Introduction

This set of exercises picks up where we left off with the Auto MPG data in Exercise 1. We now focus on exploratory data analysis.

Part A

A.1 Open a new R script and save it in the directory you created in Part A.1 of Exercise 1. Then, load the Auto MPG data set with the additional variable diesel using the load() function and file path from the end of Exercise 1.

A.2 Using the summary() function, look at descriptive statistics for the Auto MPG data. What do you notice?

Part B

B.1 Plot a relative frequency histogram of the response variable, MPG. Color the boxes grey. Make sure to name the plot and axes.

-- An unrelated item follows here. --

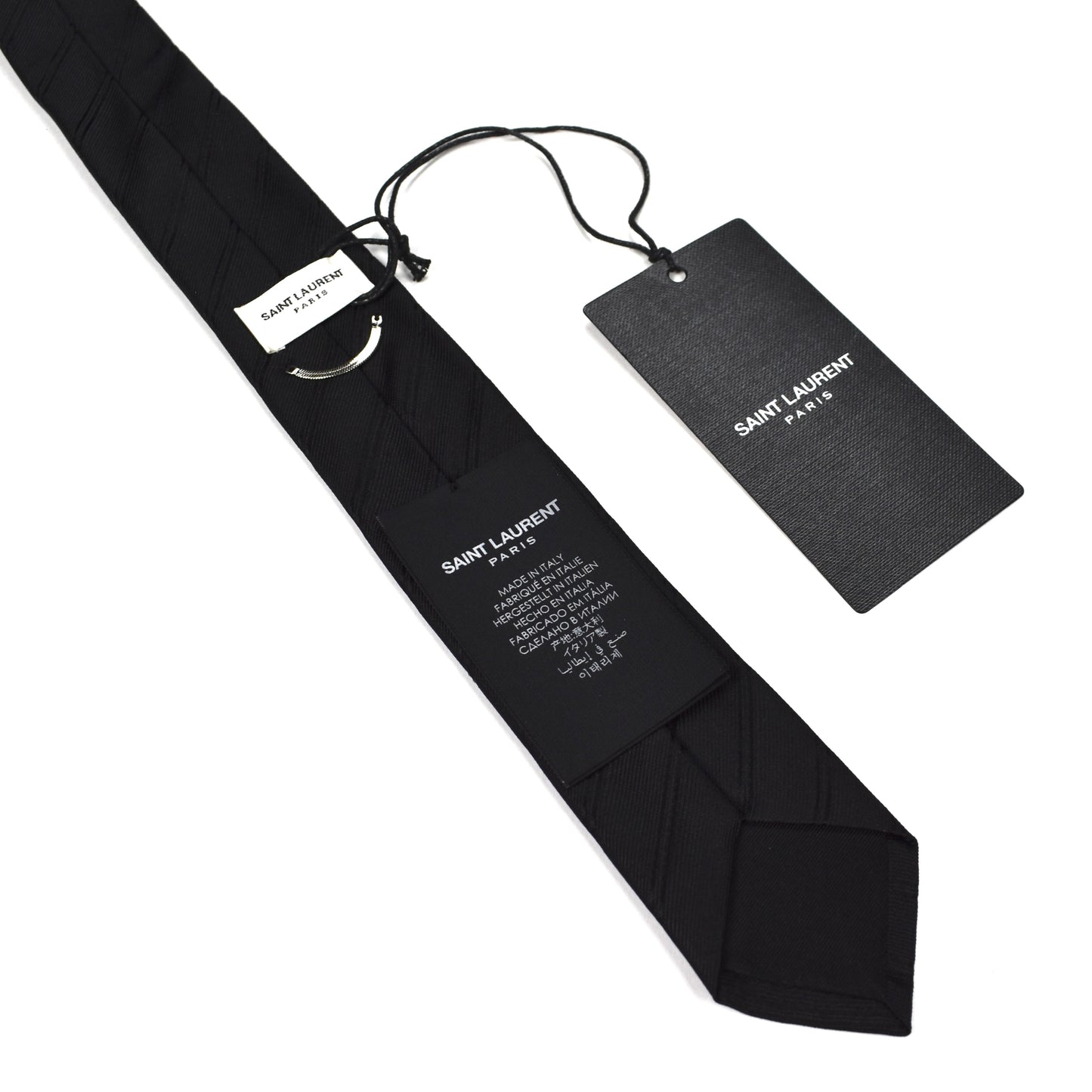 Saint Laurent - Black Tonal Striped Silk Tie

B.2 Add a density curve to the histogram you plotted in B.1 using the lines() and density() functions. Color it red using the col argument. HINT: You need to change the value of na.rm in the density function to avoid an error. You also need to make sure that the histogram is on the proper scale!

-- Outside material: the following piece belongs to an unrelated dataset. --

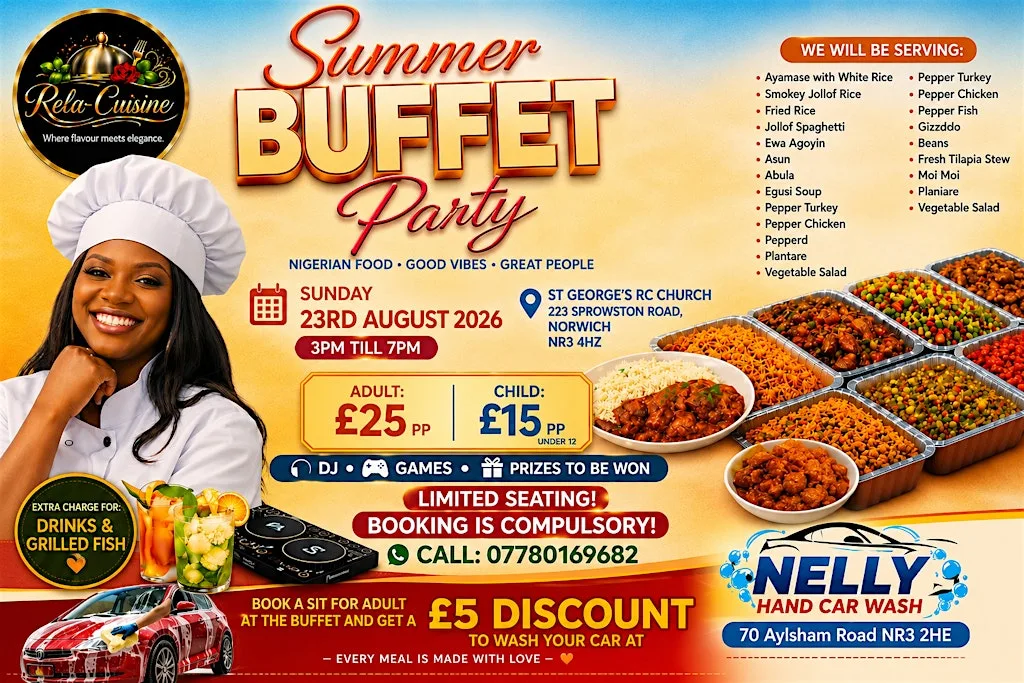 Summer Buffet Party – Nigerian Food, Good Vibes & Great People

B.3 Add a vertical line to the plot from B.2 at the median of MPG. Make it dashed using the lty arguement, and make it red. HINT: You may need to use na.rm again.

Part C

Create a boxplot of MPG grouped by the number of cylinders. Color the boxes grey. Make sure to name the plot and axes.

Part D

Create a scatterplot matrix of the Auto MPG data. Include the following variables: “mpg”, “cyl”, “disp”, “hp”, “weight”, “acc”, “model.yr”. What relationships do you see? Is there any confounding? Which variables should be included in a regression?